Problem statement: Copy, from the listing, every line in which the string "Women" is present.

Data records:
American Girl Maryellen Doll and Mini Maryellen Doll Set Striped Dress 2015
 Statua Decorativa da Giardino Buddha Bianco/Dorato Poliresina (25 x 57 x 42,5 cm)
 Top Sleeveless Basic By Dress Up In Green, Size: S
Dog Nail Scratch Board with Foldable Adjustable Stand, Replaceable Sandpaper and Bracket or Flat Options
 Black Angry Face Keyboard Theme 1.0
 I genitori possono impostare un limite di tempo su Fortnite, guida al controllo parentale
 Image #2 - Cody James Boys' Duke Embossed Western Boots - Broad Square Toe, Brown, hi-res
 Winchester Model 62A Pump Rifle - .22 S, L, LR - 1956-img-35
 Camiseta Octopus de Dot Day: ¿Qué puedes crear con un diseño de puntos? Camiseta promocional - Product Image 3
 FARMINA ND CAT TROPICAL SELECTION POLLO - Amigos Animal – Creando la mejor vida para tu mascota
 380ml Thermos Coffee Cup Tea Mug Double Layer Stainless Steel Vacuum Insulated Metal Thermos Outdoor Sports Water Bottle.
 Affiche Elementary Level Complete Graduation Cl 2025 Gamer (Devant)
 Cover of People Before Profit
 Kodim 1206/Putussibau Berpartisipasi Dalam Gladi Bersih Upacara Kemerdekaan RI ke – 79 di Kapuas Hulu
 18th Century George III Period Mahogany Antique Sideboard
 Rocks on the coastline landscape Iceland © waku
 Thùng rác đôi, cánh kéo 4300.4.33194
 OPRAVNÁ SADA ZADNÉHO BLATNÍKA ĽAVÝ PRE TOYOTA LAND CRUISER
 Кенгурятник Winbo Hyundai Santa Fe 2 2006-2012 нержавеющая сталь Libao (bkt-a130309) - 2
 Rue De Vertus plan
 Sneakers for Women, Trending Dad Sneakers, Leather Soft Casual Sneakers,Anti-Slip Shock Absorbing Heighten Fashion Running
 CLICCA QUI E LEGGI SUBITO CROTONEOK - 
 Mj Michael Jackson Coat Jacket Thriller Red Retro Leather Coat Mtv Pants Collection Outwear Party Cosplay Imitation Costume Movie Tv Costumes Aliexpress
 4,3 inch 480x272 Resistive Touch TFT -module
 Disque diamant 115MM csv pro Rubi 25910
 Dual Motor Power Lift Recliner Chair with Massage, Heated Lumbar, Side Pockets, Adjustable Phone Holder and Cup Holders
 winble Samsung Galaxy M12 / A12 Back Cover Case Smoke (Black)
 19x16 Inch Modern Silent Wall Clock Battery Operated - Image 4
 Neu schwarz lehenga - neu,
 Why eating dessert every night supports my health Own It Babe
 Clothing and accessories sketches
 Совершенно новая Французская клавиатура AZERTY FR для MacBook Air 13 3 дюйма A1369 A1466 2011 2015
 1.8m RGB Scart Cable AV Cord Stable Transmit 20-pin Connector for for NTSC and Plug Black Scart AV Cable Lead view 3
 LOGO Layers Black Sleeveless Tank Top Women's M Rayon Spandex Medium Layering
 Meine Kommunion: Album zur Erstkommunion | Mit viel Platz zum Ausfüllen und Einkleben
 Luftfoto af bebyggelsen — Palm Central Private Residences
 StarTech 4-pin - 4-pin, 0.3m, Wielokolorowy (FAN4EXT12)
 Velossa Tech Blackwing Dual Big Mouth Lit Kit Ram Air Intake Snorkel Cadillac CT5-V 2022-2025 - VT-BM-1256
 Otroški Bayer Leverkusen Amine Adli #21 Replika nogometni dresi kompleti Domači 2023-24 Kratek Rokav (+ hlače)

Exercise answer:
 Sneakers for Women, Trending Dad Sneakers, Leather Soft Casual Sneakers,Anti-Slip Shock Absorbing Heighten Fashion Running
 LOGO Layers Black Sleeveless Tank Top Women's M Rayon Spandex Medium Layering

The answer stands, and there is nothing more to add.